Si tratta di usare sistemi tecnologici per consentire di allertare i cittadini che siano entrati in contatto con persone risultate positive, così da concentrare i controlli e i confinamenti a persone effettivamente a rischio, risparmiando controlli inutili.

A prima vista queste soluzioni hanno delle attrattive: specie quelle che prevedono l’impiego di dispositivi personali che trasmettono in un raggio limitato un segnale con un codice univoco (UUID) e registrano localmente per alcuni giorni (ma non comunicano) gli UUID con i quali entrano in contatto. Tecnologie consolidate per ottenere questo scopo possono essere Bluetooth (presente in smartphone e braccialetti vari) o RFID (usati per tracciare le merci).

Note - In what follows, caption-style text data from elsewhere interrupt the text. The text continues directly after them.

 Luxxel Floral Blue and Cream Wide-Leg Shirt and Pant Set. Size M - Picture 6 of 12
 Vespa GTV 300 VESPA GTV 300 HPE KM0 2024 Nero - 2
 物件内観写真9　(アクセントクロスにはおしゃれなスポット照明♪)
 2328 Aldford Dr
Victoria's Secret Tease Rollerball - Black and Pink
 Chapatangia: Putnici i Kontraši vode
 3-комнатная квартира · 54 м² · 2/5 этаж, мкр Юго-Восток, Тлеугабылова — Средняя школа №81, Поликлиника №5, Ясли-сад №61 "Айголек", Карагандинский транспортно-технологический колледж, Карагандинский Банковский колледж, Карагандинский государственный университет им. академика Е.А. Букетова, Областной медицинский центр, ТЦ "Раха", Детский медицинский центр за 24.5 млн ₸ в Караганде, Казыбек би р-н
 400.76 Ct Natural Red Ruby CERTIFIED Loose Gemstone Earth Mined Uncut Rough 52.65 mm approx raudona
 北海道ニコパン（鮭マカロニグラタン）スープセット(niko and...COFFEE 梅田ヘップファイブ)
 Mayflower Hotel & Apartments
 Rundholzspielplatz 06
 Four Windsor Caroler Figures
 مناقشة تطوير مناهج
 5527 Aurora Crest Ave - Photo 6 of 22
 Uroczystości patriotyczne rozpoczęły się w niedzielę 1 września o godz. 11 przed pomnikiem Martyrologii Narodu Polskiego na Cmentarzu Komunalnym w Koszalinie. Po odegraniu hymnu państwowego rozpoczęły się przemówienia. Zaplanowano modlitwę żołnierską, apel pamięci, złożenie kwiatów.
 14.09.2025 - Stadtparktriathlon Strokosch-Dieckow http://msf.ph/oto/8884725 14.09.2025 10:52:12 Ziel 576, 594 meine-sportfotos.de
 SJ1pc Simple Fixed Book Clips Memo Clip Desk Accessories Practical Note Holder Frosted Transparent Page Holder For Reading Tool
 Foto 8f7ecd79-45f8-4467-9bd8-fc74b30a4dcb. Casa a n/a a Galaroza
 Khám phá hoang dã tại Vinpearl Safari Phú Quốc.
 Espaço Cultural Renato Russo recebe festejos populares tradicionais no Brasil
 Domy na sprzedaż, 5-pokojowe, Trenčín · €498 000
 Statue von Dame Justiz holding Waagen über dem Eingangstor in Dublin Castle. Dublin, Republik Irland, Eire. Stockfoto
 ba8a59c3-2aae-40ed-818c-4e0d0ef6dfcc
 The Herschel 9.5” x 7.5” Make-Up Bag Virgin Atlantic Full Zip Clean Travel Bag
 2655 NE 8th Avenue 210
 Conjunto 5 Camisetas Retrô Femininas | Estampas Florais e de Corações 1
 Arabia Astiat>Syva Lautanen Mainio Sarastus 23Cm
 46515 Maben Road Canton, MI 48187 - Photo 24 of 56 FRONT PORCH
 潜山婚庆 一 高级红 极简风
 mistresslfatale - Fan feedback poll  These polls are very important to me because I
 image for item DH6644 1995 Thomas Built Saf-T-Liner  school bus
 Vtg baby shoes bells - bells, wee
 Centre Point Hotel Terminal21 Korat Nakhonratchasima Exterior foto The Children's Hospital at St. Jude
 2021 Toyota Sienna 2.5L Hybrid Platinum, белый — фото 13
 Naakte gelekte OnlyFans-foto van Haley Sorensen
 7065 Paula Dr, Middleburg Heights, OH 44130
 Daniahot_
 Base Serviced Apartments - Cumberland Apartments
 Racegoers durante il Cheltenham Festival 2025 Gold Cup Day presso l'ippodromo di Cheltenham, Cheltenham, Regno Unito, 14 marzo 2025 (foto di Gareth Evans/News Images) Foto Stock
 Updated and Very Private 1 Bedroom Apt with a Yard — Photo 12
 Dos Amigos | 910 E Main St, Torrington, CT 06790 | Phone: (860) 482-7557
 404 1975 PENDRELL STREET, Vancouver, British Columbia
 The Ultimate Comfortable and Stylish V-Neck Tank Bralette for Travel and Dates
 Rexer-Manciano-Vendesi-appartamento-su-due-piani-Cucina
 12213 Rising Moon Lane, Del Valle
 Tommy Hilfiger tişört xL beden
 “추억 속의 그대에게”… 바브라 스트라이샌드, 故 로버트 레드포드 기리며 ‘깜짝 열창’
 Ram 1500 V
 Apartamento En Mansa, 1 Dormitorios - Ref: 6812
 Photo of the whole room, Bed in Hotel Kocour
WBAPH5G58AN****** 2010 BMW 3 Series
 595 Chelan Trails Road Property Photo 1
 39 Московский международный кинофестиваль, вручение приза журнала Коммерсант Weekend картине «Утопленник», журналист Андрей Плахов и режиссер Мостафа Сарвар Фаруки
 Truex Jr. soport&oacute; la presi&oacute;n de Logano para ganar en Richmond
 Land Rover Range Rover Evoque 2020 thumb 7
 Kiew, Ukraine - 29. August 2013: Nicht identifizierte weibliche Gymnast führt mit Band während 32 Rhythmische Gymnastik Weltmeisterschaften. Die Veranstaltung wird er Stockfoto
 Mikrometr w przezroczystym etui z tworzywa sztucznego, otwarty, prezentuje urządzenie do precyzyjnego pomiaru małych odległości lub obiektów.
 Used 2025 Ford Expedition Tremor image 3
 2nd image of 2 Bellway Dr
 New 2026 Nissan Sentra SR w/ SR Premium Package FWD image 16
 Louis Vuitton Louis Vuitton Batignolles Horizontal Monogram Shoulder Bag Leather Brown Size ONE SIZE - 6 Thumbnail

Nel caso qualcuno risultasse positivo, dovrebbe rilasciare la propria collezione di UUID, in modo che i rispettivi utenti possano essere avvisati di essere entrati in contatto con una persona a rischio, e prendere provvedimenti.

Le soluzioni basate sul GSM sono meno efficaci e più invasive, infatti tracciano tutta la mobilità delle persone e non tanto i contatti e poi ha delle limitazioni tecniche eccessive: al coperto, ad esempio in luoghi pubblici dove maggiore è la possibilità di contagio, il segnale da satellite è di solito assente.

L’introduzione di un dispositivo del genere ha diverse incognite, sia tecniche che soprattutto giuridiche e sociali.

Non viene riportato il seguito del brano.